All the lines below need to be output exactly, apart from any images.

● **DATA SHOWN**

__________________________________________________

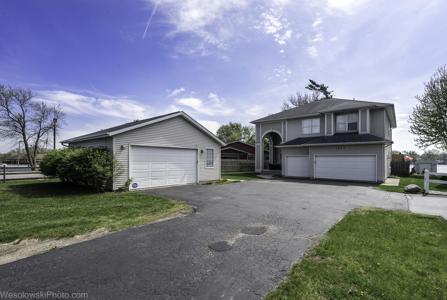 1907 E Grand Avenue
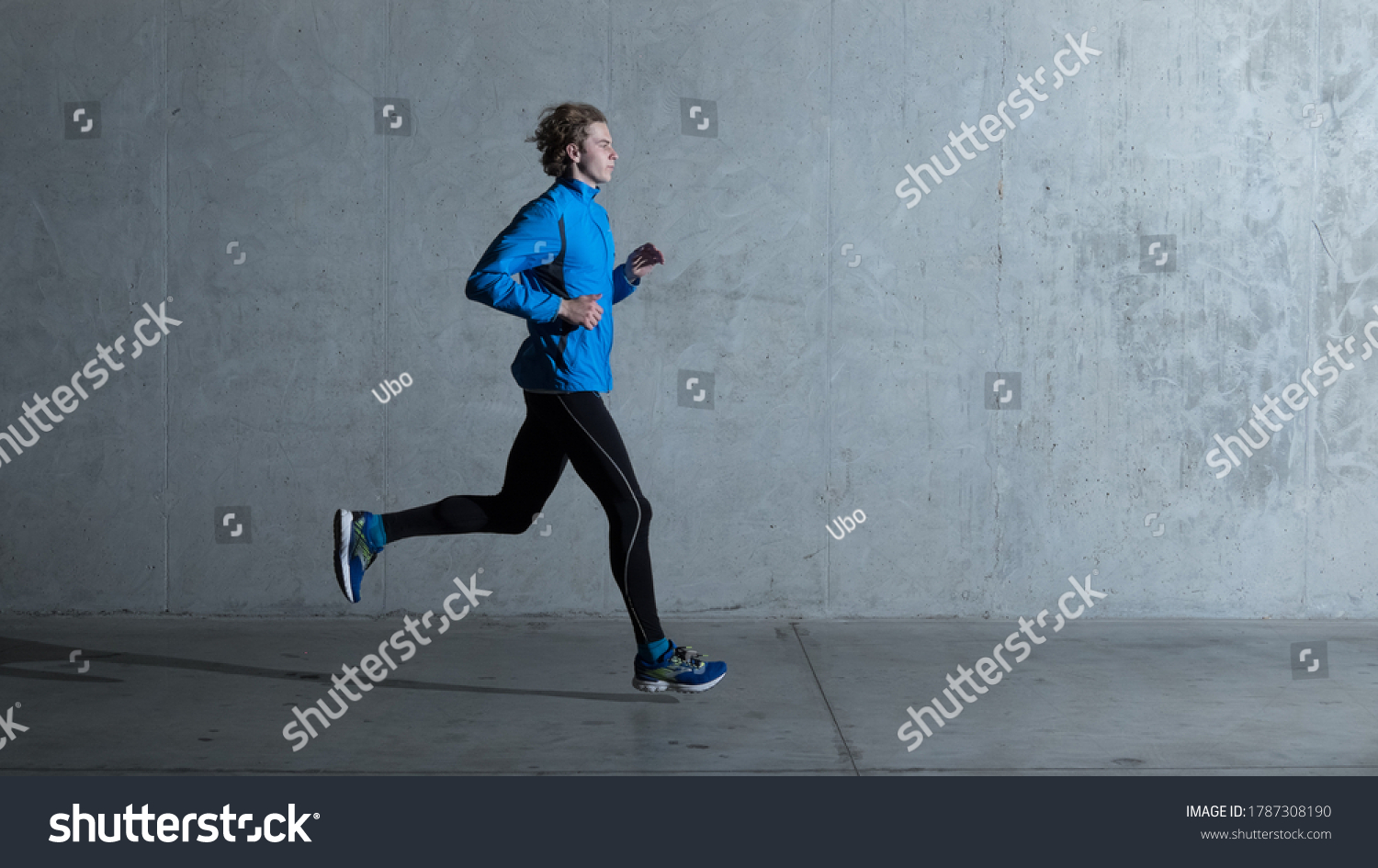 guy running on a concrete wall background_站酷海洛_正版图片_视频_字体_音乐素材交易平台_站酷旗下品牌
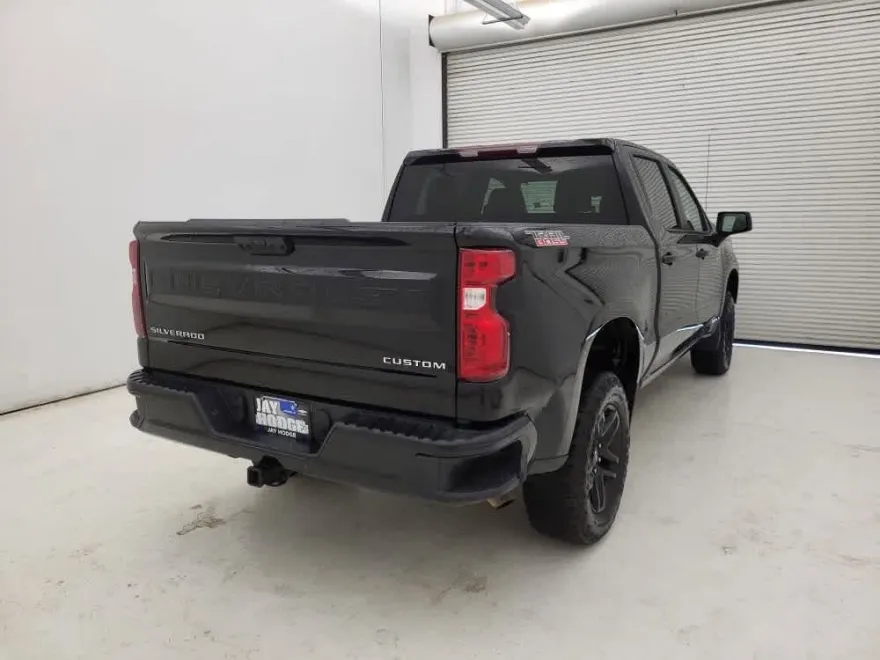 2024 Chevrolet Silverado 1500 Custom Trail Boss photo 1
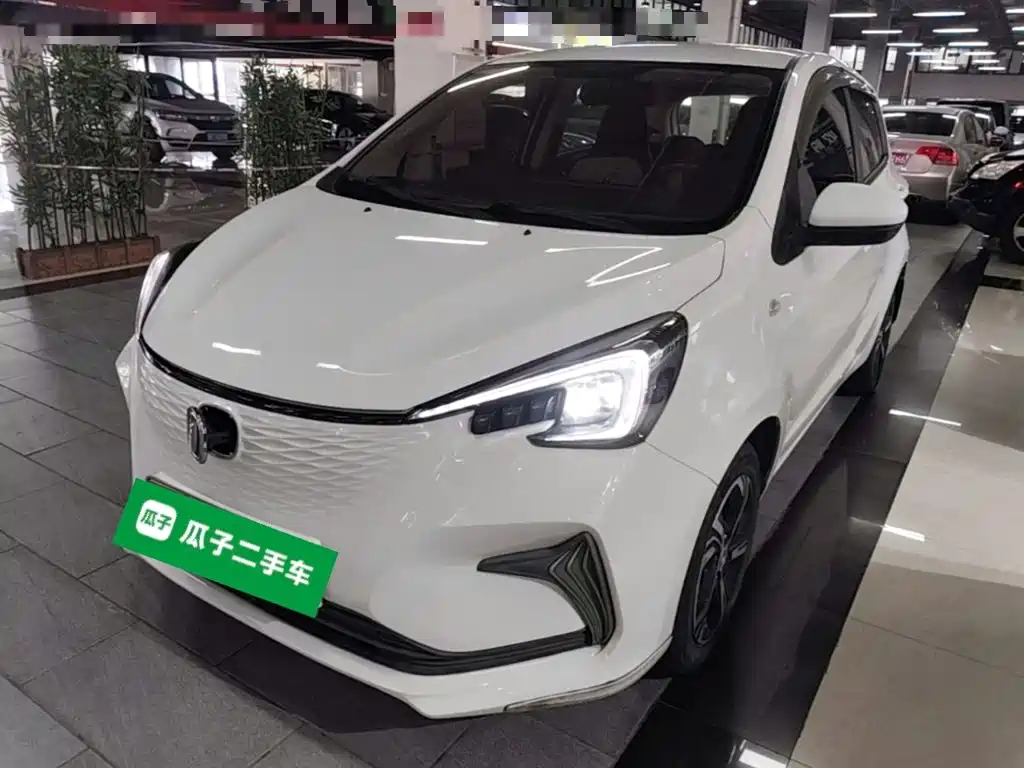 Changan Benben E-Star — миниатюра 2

__________________________________________________

● **FINISHED EXERCISE**
 1907 E Grand Avenue
 guy running on a concrete wall background_站酷海洛_正版图片_视频_字体_音乐素材交易平台_站酷旗下品牌
 2024 Chevrolet Silverado 1500 Custom Trail Boss photo 1
 Changan Benben E-Star — миниатюра 2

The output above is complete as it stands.